United Airlines and Frontier Airlines both mandate vaccinations for all crew members in a move over the weekend hours apart from each other.
The increasing spread of the Delta variant of the COVID-19 virus has alarmed carriers to make the change as Frontier was the first airline to report “softening” bookings since the outbreak.
United Airlines said employees will need to show proof of vaccination five weeks after the Pfizer gets fully approved by the US Food and Drug Association, or by 25 October.
The FDA will likely approve the vaccine within the next few months, President Joe Biden said last week.
“We know some of you will disagree with this decision to require the vaccine for all United employees,” CEO Scott Kirby and president Brett Hart told employees over the weekend.
But “the facts are crystal clear: everyone is safer when everyone is vaccinated,” they said.
Employees who have already been double-jabbed or do so before 20 September will receive an additional day off as an incentive to receive it as early as possible.
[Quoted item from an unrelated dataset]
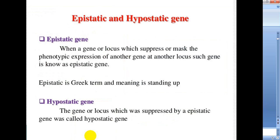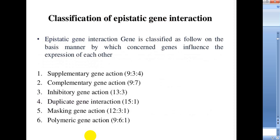Coming to epistatic and hypostatic genes: when a gene or locus suppresses or masks the phenotypic expression of another gene at another locus, such a gene is known as an epistatic gene. The term 'epistasis' is derived from a Greek term meaning 'standing of.' Similarly, the gene whose expression is suppressed by the epistatic gene is called the hypostatic gene. There are different kinds of epistatic interaction.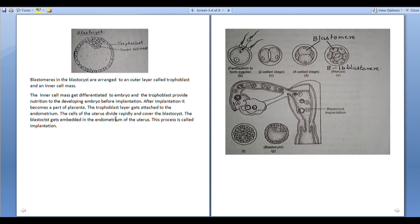The trophoblast layer gets attached to the endometrium. The cells of the uterus divide rapidly and cover the blastocyst. Thus, the blastocyst gets embedded in the endometrium of the uterus. This process is called implantation.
The Chicago-based airline employs around 67,000 people in the US and, since June, has required new hires to be vaccinated, the same as Delta Air Lines.
Apparently, up to 90 per cent of its pilots and almost 80 per cent of flight attendants are already vaccinated.
Before the announcement, United only mandated crew to be vaccinated if traveling to high-risk countries, specifically to India, Brazil, and numerous South American regions.
Low-cost carrier Frontier announced only hours after United that all employees will need to be fully vaccinated by 1 October.
“As we continue to watch the rapid increase of new COVID-19 cases across the United States caused by the delta variant, I am concerned for the well-being of our team members, their families and friends,” said CEO Barry Biffle.
“Safety is of the utmost importance at Frontier and we need to take every step possible for us to keep our teams safe, protect the operation and protect our passengers.”
Biffle added it was “time” for employees to do what they can to assist in reducing the spread.
The Denver-based airline said if employees choose not to vaccinate, they must be tested regularly and provide proof of a negative test before work.
The company said since the latest outbreak in the US, it has reported reduced bookings.
Airlines in America are still not mandating vaccinations for passengers despite major calls from customers to make it a requirement.
In America, 50.6 per cent of the population of the population have been fully vaccinated.